South Korea Needs Precision Strike Capacity

South Korea needs to “secure its military strength and the weapons to incapacitate North Korea’s weapons of mass destruction, defend against an all-out war and restrain local provocations,” according to Lee Sang Woo, chair of the Presidential Commission for National Security Review.

Giving the keynote speech at a seminar co-sponsored by Korea Defense Forum (KODEF) and Northeast Asia Peace and Security Forum of the National Assembly at the War Memorial of Korea in Seoul this morning, Lee also asserted, “As long as North Korea refuses to give up its WMD, South Korea, which decided not to obtain WMD of its own accord, cannot help facing a military inferiority.”

He emphasized, “Only when it possesses the ability to attack targets precisely with non-nuclear weapons and incapacitate North Korea’s WMD ability before it is used will South Korea, which maintains a non-nuclear military policy, be able to head off North Korea’s military edge.”

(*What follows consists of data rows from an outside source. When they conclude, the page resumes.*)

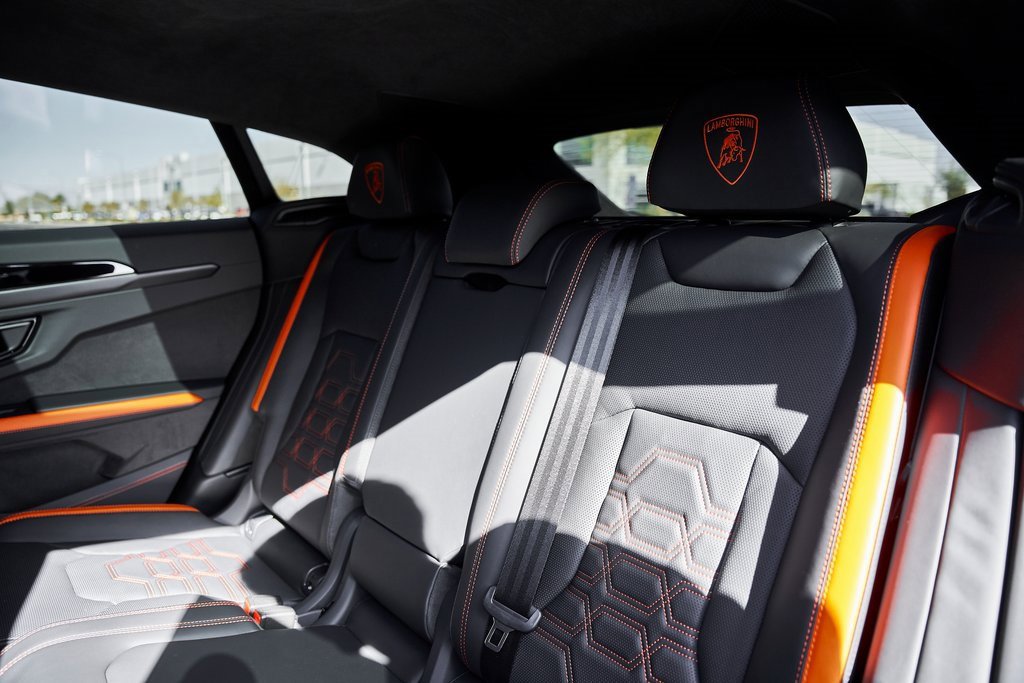 Used 2025 Lamborghini Urus SE image 47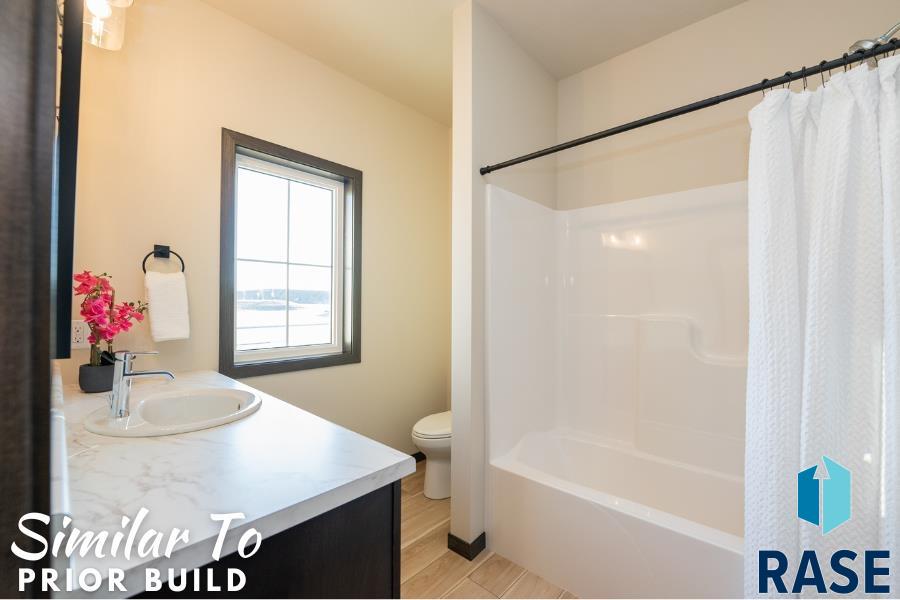 Sioux Falls, South Dakota, 57110, United States, 4 Bedrooms Bedrooms, ,2 BathroomsBathrooms,Residential,For Sale,1834808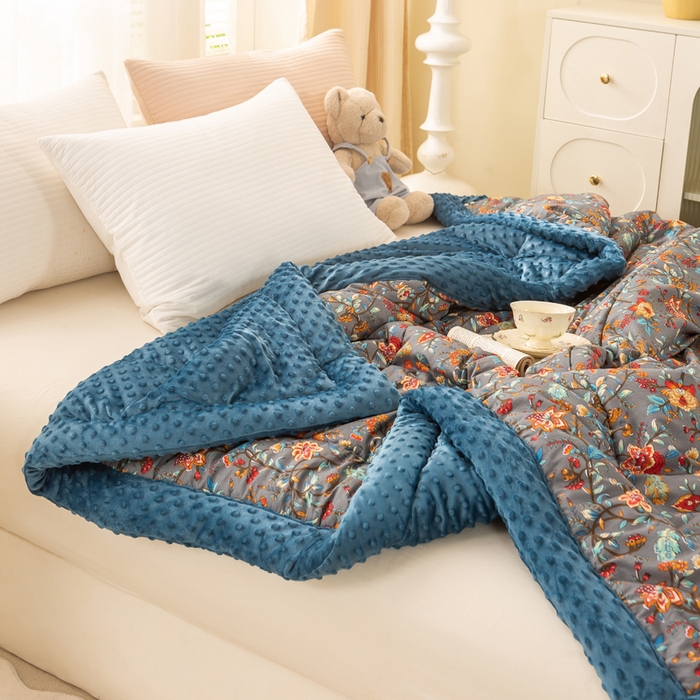 91家纺网 家纺一手货源 找家纺 锦鹭被业 2025新款AB版舒适全棉纯棉豆豆绒被被子被芯 缘梦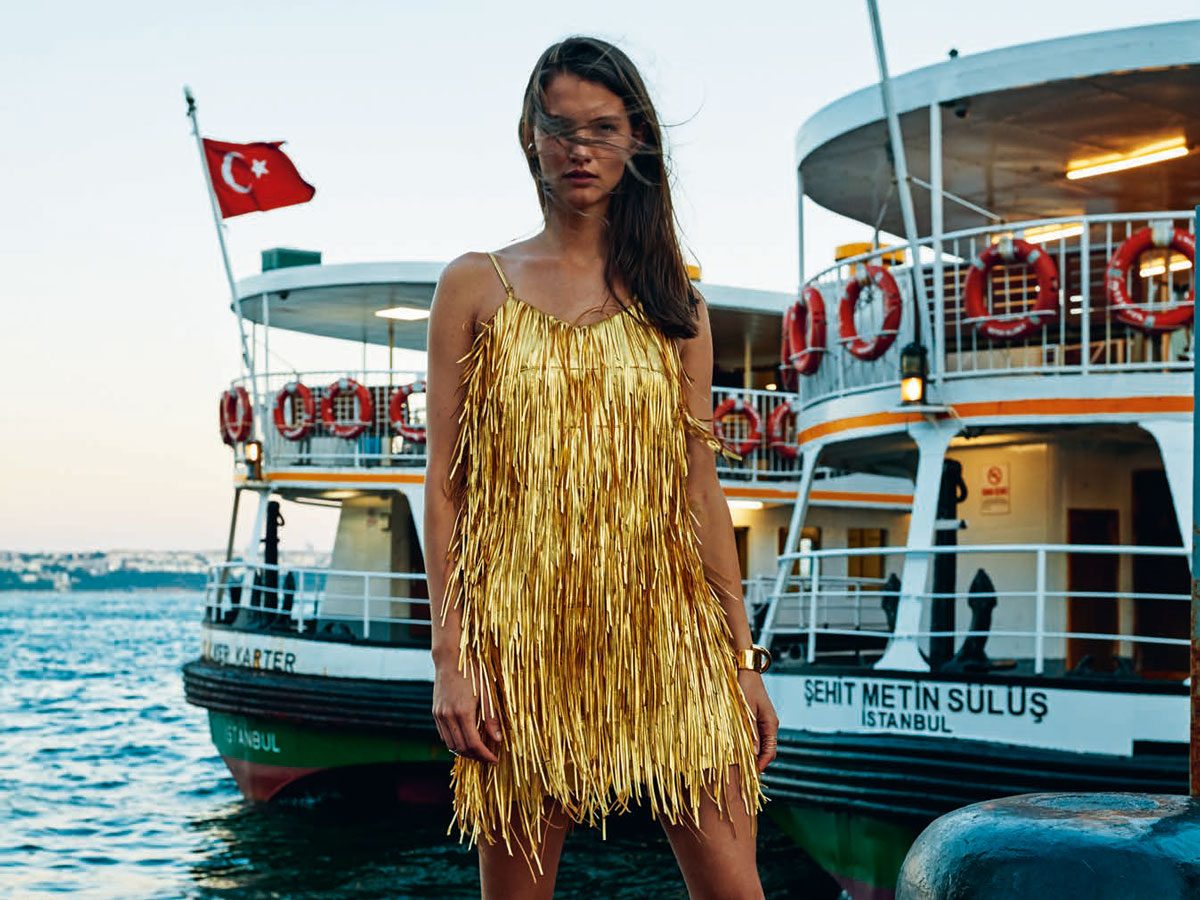 Acr58289281079232-8379158web party dress turkey model istanbul ferry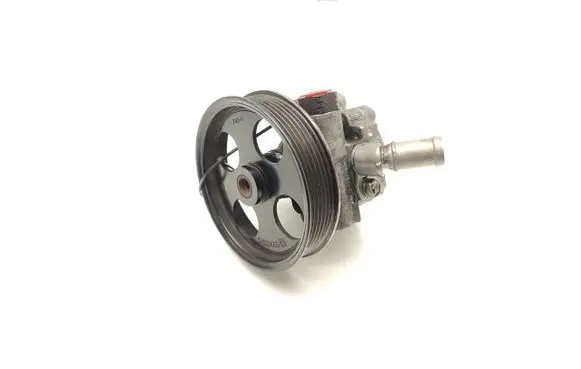 Opel Insignia A Power steering pump 55563329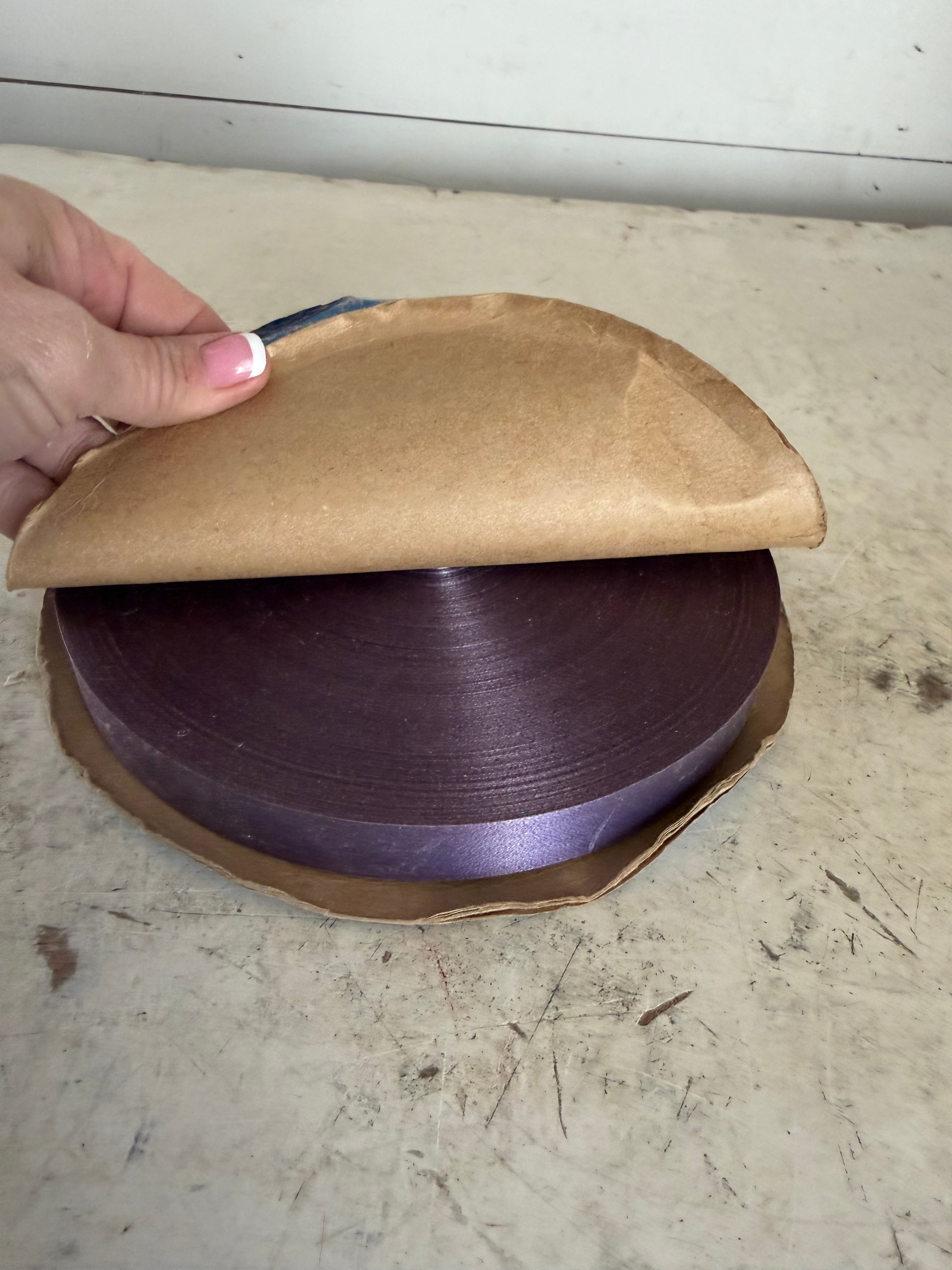 Vintage Lusteray purple ribbon indoor/outdoor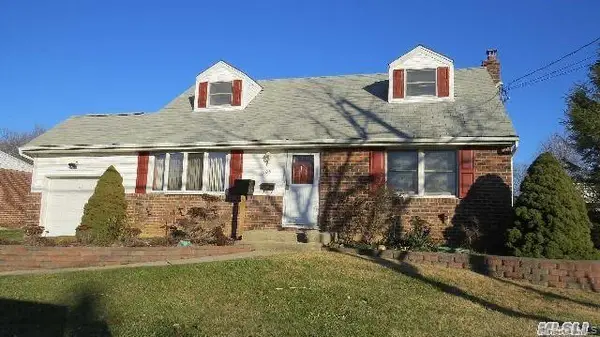 105 Elberta Drive, East Northport, NY 11731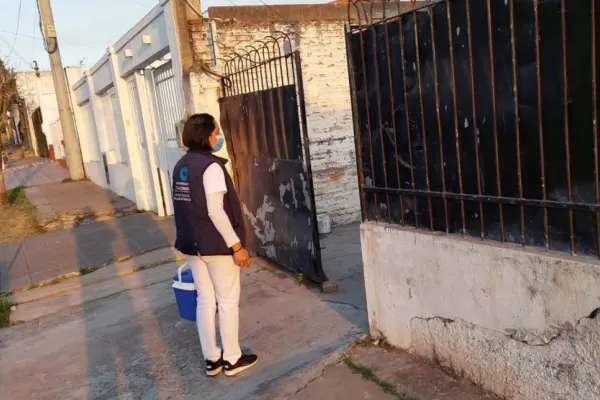 Irán casa por casa para ofrecer vacunarse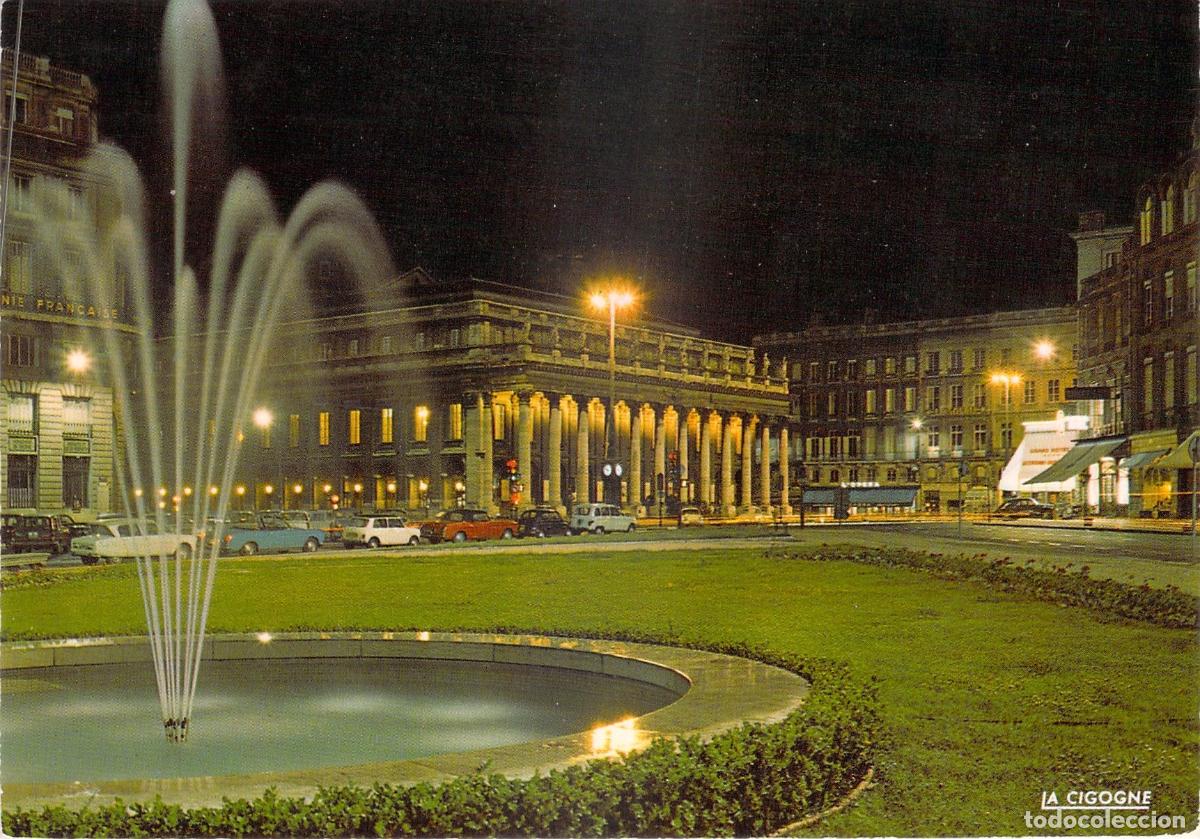 Postales: Postal de Burdeos: Vista Nocturna del Gran Teatro y Fuente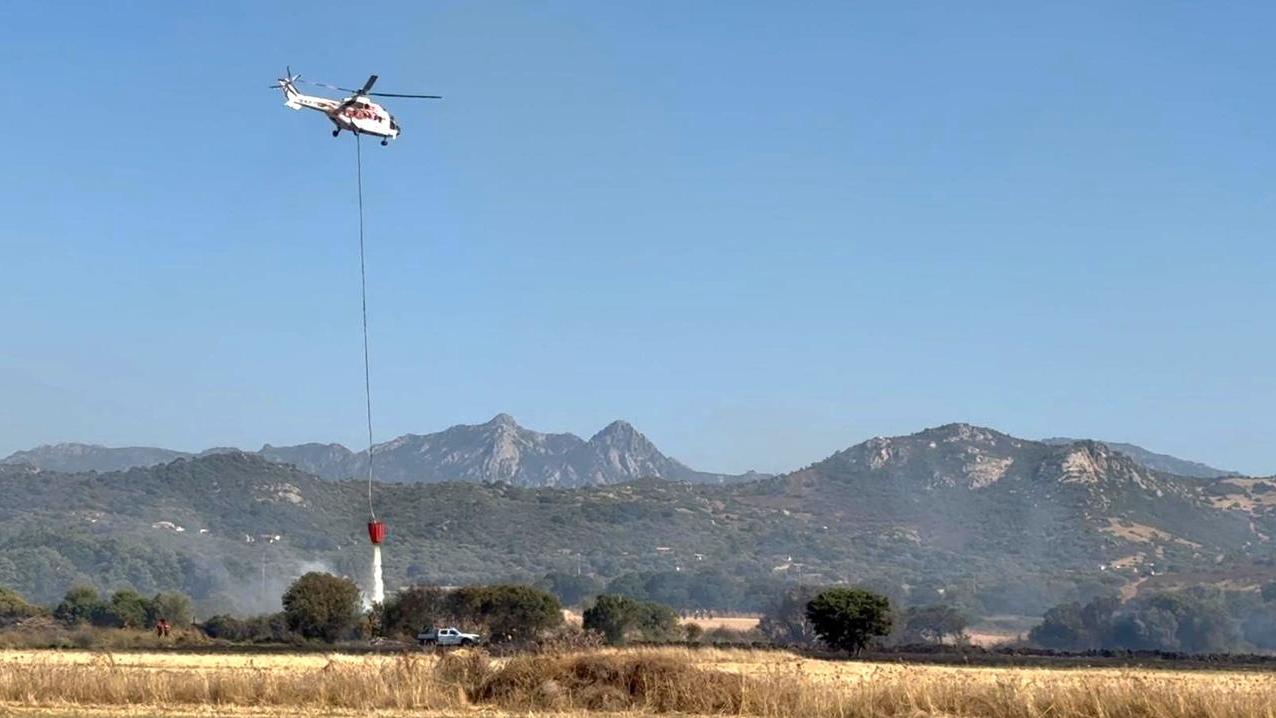 Olbia, ancora fiamme vicino all’aeroporto Costa Smeralda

Lee explained further, “If South Korea shows the decisive will to crush North Korea’s means of and intention to attack before its command and control systems and means of attack can start operating, it will refrain from provocations.”

He added, “South Korea’s national defense policy should be changed from ‘passive defense tactics’ to ‘active deterrence tactics.’ Employing ‘active deterrence’ as our new strategic instruction, we need to break North Korea’s will to provoke and stop them even thinking of it.”

Regarding talk of reducing the mandatory military service period, Lee went on, “Considering the fact that North Korea has more than twice as many deployed ground forces as us, a reduction of our military forces is not advisable.”

Therefore, he concluded, “We must maintain the current duration of military service until that time (when South Korea has the ability to halt North Korea’s WMD attacks).”